===== EXERCISE DATA =====

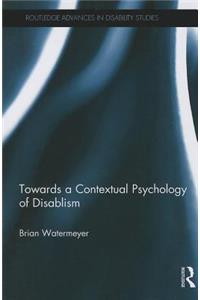 Towards a Contextual Psychology of Disablism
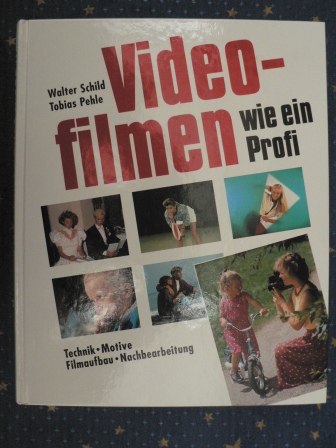 Walter Schild/Tobias Pehle  Videofilmen wie ein Profi. Technik - Motive - Filmaufbau - Nachbearbeitung 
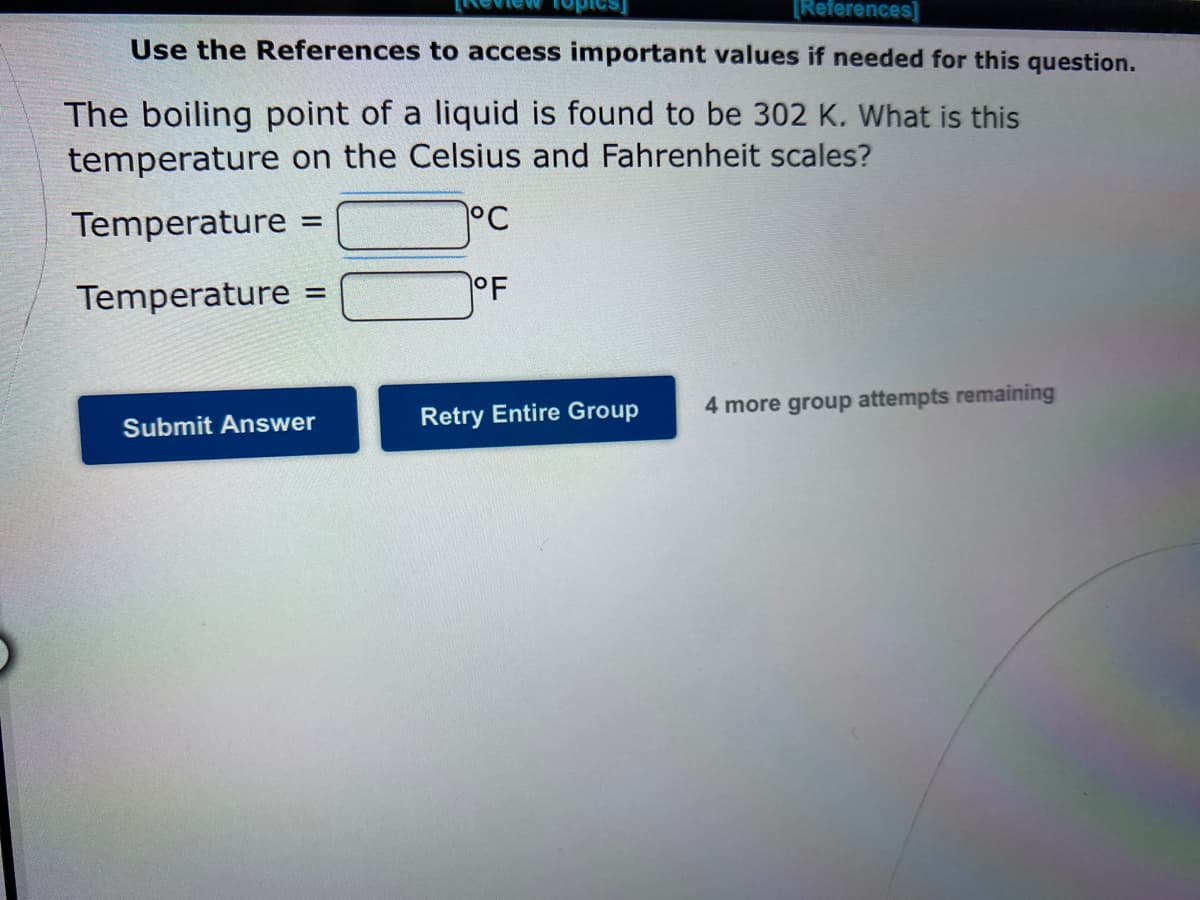 [References]
Use the References to access important values if needed for this question.
The boiling point of a liquid is found to be 302 K. What is this
temperature on the Celsius and Fahrenheit scales?
Temperature =
°C
%3D
Temperature =
OF
%3D
4 more group attempts remaining
Submit Answer
Retry Entire Group
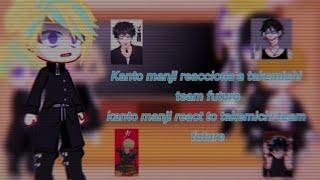 kanto manji reacciona a takemichi team futuro // otaku-chan // mi au // ︎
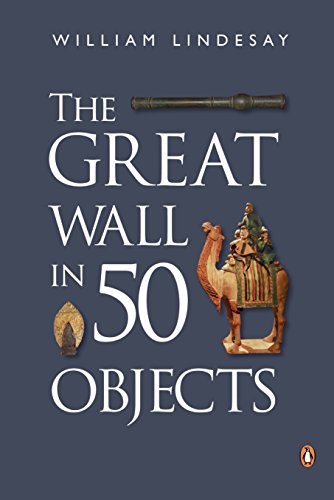 William Lindesay - Great Wall in 50 Objects - Paperback image 1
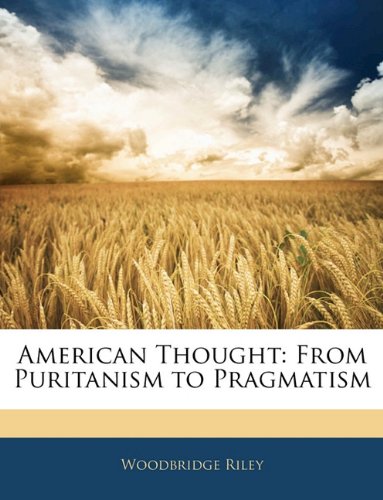 American Thought: From Puritanism to Pragmatism Philosophy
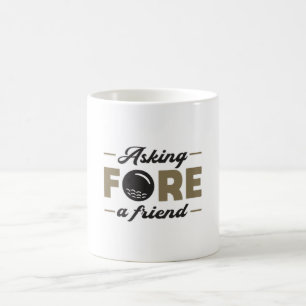 Fragend Fore a Friend Golf Golfspielen Kaffeetasse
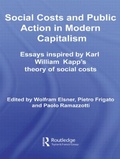 Cover: Social Costs and Public Action in Modern Capitalism - Routledge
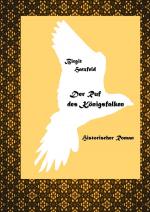 Cover-Bild Der Ruf des Königsfalken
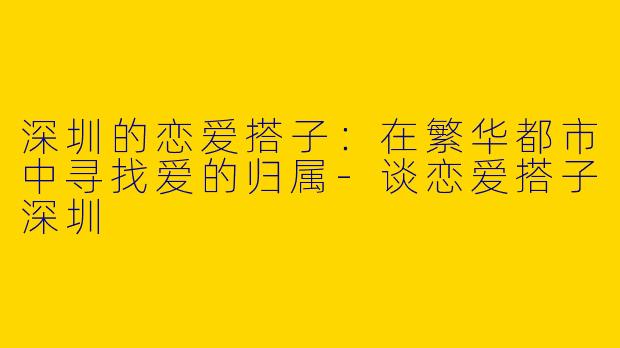 深圳的恋爱搭子：在繁华都市中寻找爱的归属-谈恋爱搭子深圳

=====

**WHAT YOU ARE ASKED TO DO**
Give only the number of lines in the data that hold the word "this".

**WRITTEN SOLUTION**
2